SUPPLIED RECORDS:
========================
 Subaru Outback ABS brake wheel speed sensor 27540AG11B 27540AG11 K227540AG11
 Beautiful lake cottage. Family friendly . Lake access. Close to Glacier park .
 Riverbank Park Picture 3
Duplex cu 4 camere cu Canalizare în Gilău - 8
========================
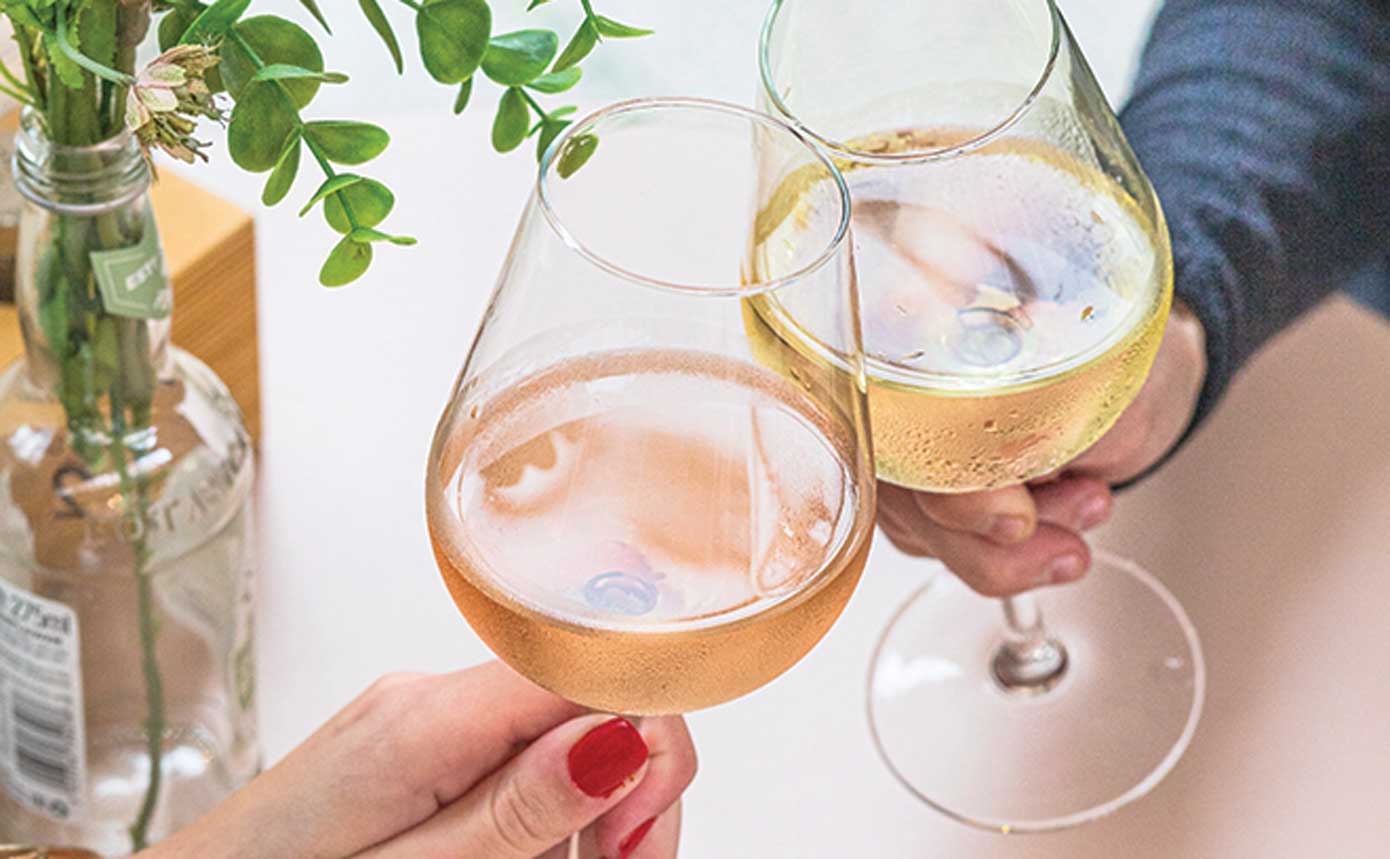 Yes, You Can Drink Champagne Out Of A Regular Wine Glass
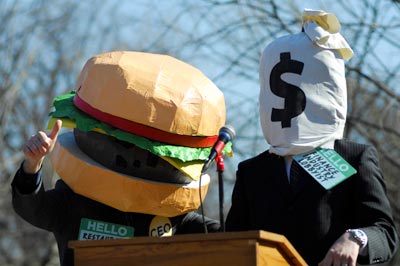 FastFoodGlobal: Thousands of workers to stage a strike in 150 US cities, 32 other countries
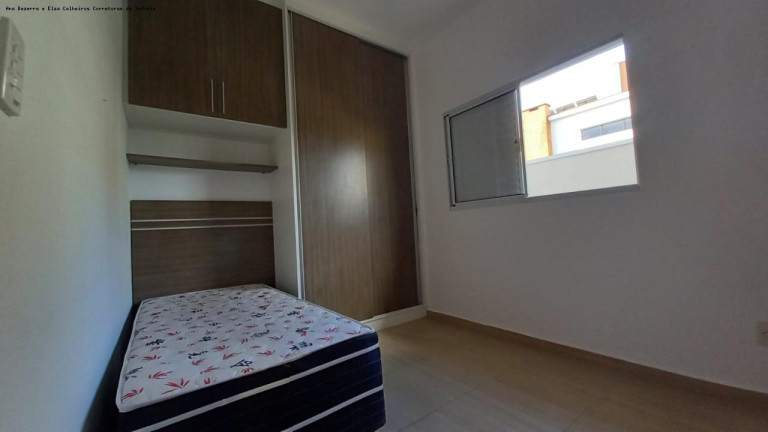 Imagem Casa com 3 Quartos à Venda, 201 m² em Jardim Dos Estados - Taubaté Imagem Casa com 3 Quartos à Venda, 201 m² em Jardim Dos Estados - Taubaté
========================
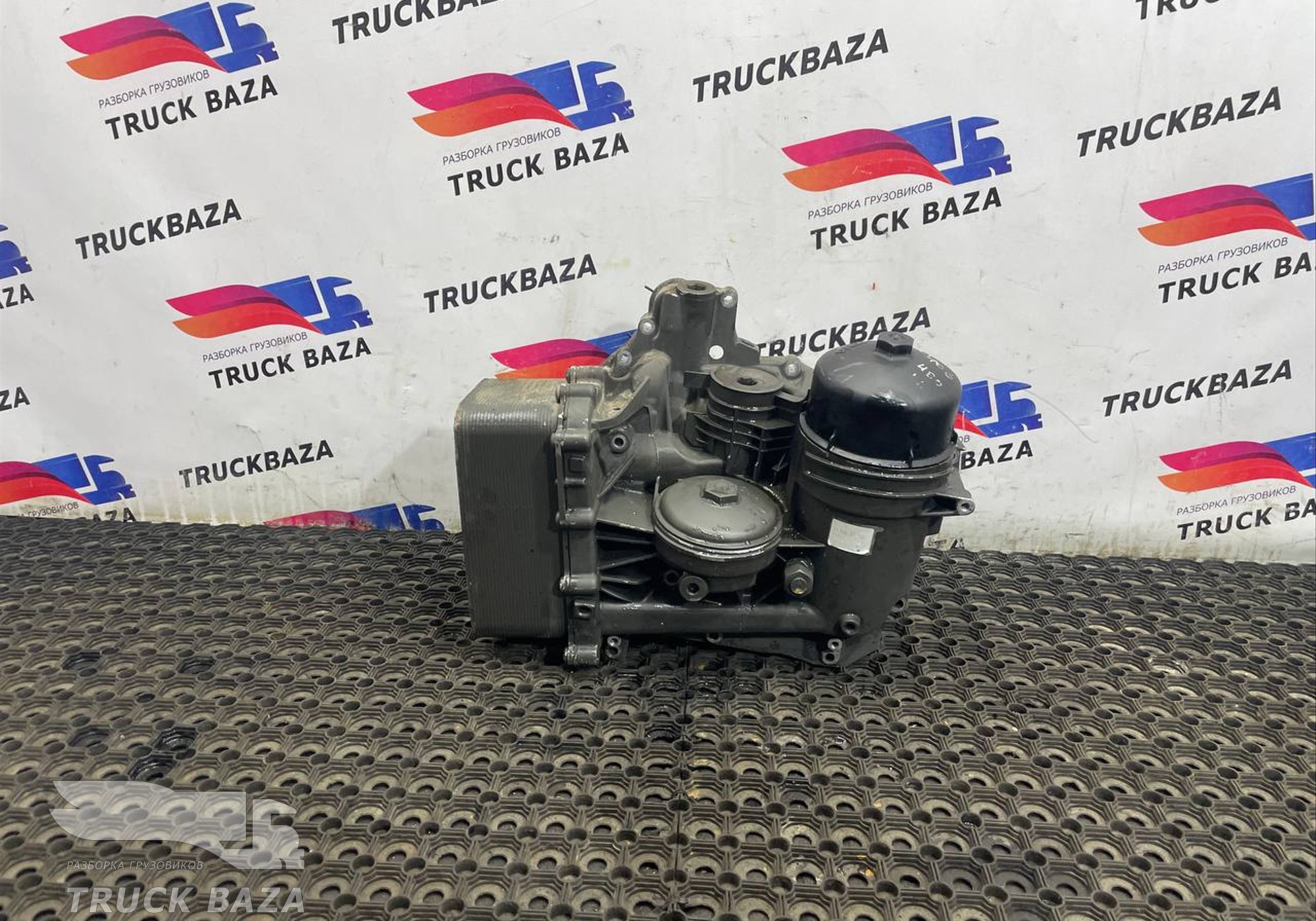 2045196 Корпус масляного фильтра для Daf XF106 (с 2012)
========================
TASK DESCRIPTION: The lines above from the one containing "Subaru Outback ABS" through the one containing "Duplex cu 4 camere cu Canalizare în Gilău - 8" are to be set down exactly, and no others.

WRITTEN SOLUTION:
 Subaru Outback ABS brake wheel speed sensor 27540AG11B 27540AG11 K227540AG11
 Beautiful lake cottage. Family friendly . Lake access. Close to Glacier park .
 Riverbank Park Picture 3
Duplex cu 4 camere cu Canalizare în Gilău - 8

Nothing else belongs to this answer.